[GOAL OF THE EXERCISE] For the lines from the one with "Продам смесь семян эустомы." to the end of the listing below, both ends included, give an exact copy and nothing more. Do not copy pictures.

+++ COLLECTED DATA

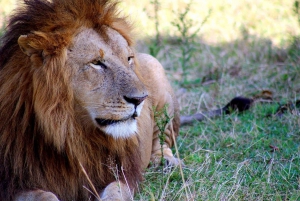 Safari dans le Maasai Mara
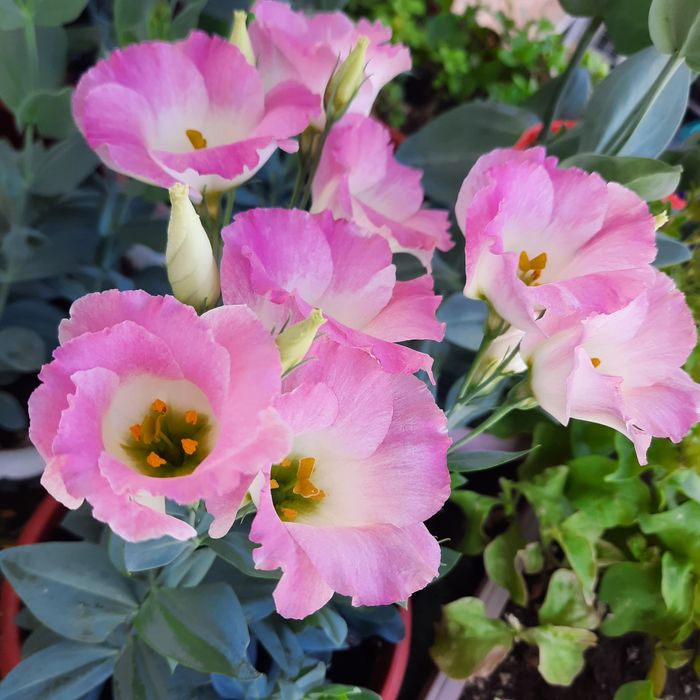 Продам смесь семян эустомы.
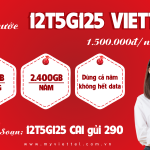Gói cước 12T5G125 Viettel dùng mạng cả năm không lo hết data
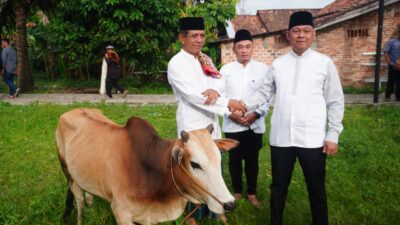 Wakili Wali Kota, Kadiskominfo Prabumulih Serahkan Hewan Kurban Iduladha 1447 H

++++++

[EXERCISE SOLUTION]
 Продам смесь семян эустомы.
Gói cước 12T5G125 Viettel dùng mạng cả năm không lo hết data
 Wakili Wali Kota, Kadiskominfo Prabumulih Serahkan Hewan Kurban Iduladha 1447 H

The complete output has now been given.